#### Task prompt:
When you reach the line containing "极乐纹身图片_成品背部字符纹身图案", start transcribing exactly and continue through the last line of the data, skipping every picture.
------------------------------------
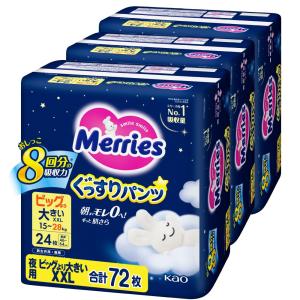 パンツ ビッグより大きいサイズメリーズ 夜用 ぐっすりパンツ (15~28kg) 72枚 (24枚×3)ケース品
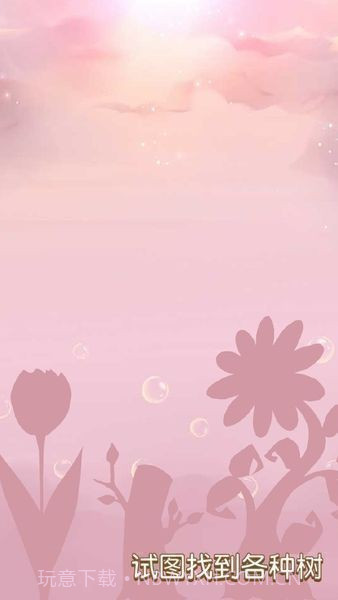 树宝宝手机版截图3 树宝宝手机版截图3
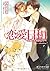 恋愛日和 ~カフェものがたり~
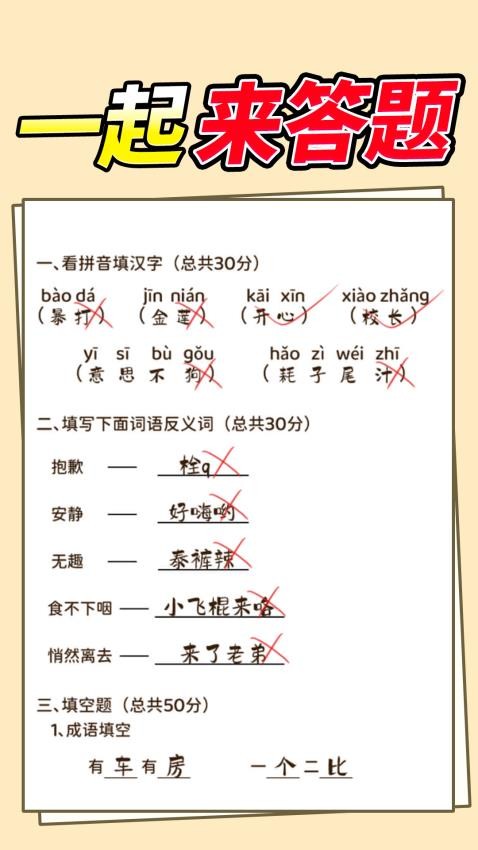 同学答题了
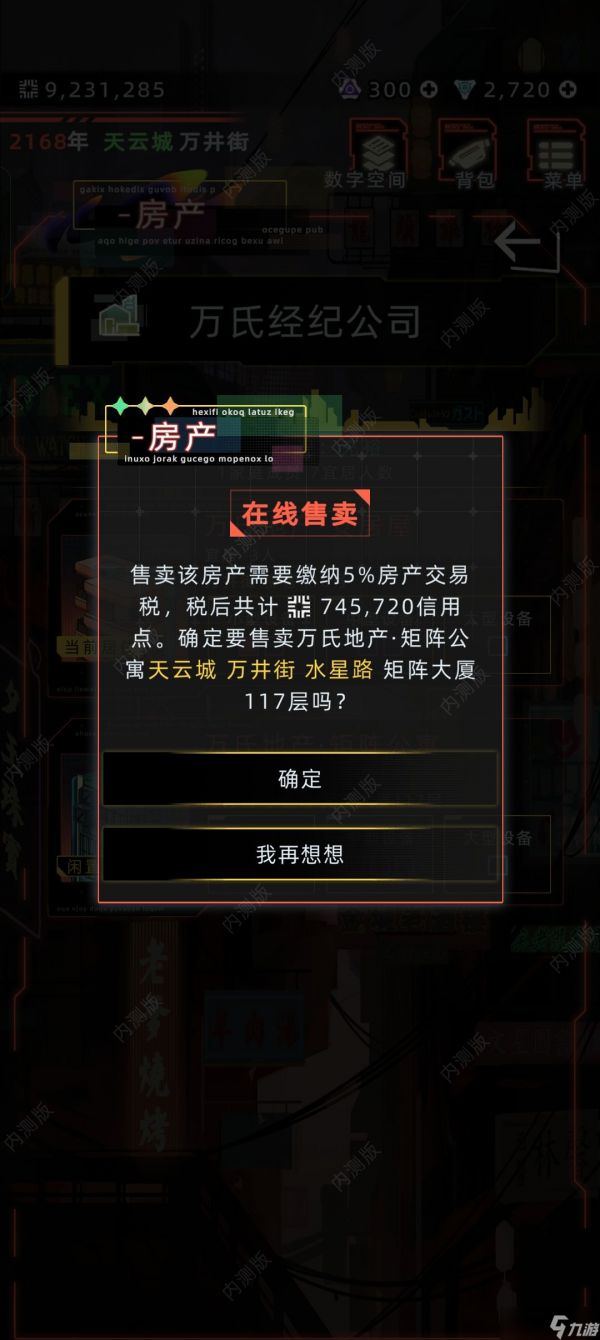 未来人生逃避遗产税方法-逃避遗产税攻略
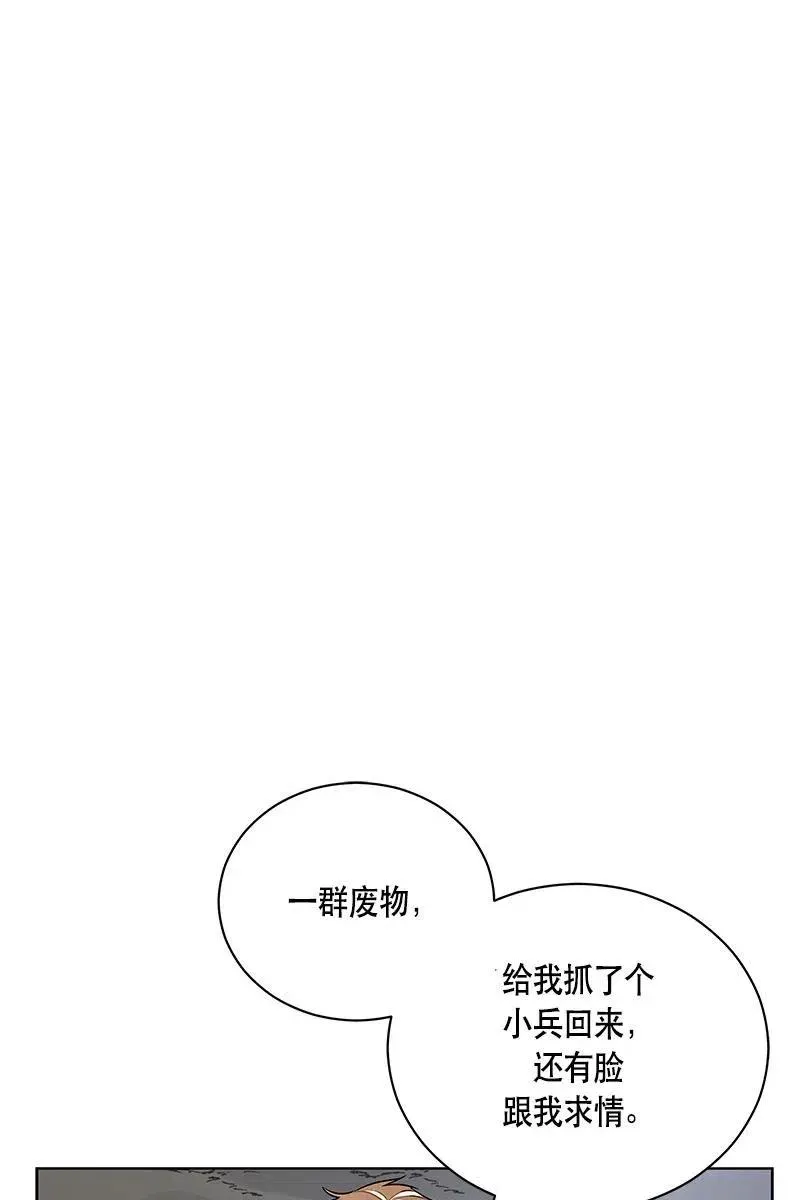 136 一百三十六话 第11页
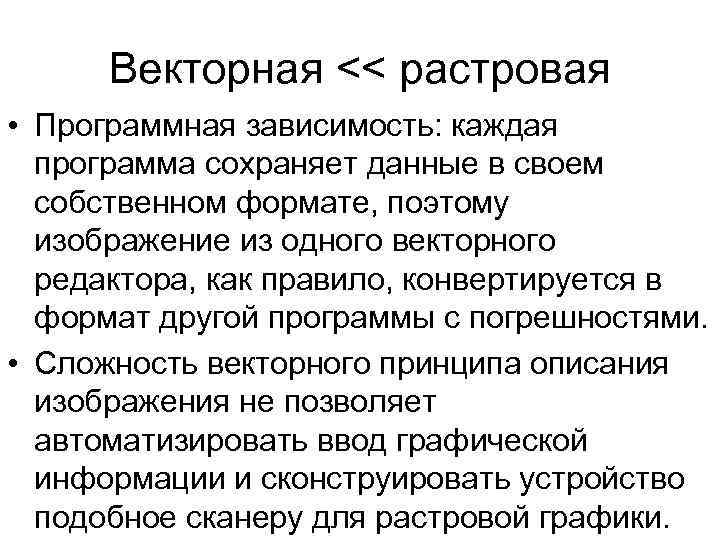 Векторная << растровая • Программная зависимость: каждая программа сохраняет данные в своем собственном формате,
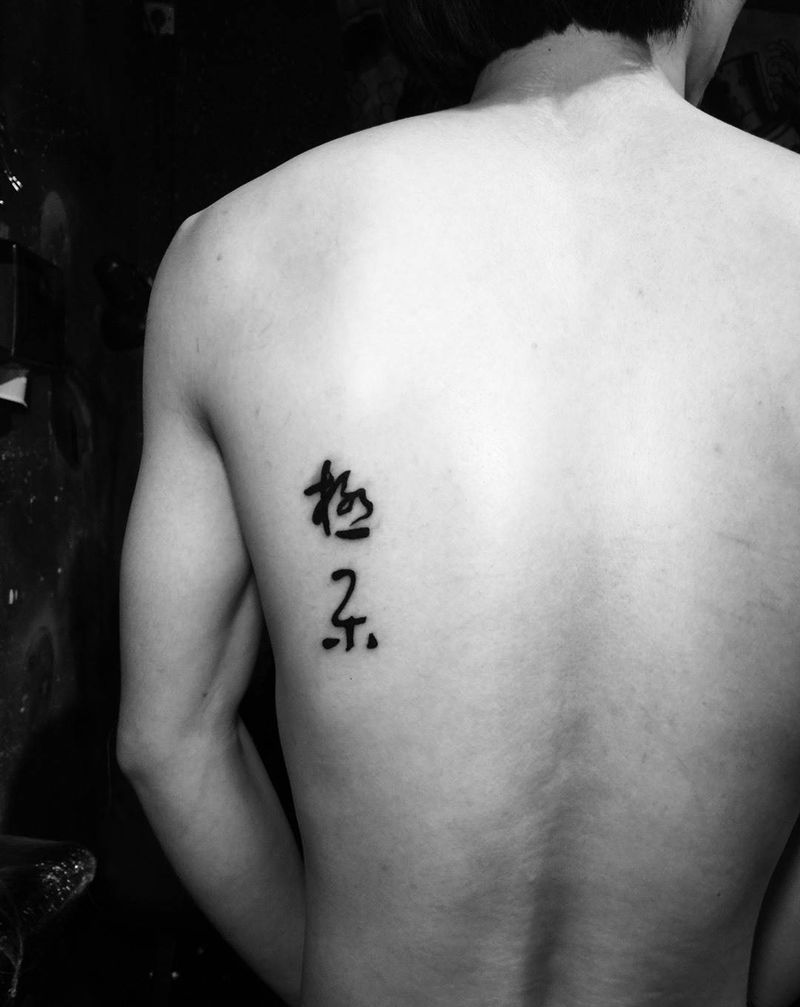 极乐纹身图片_成品背部字符纹身图案
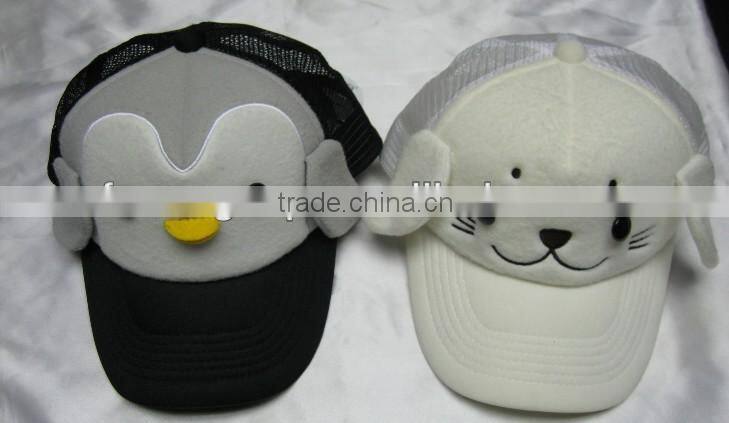 Winged embroidery cute children baseball cap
------------------------------------
#### Answer for the task:
 极乐纹身图片_成品背部字符纹身图案
 Winged embroidery cute children baseball cap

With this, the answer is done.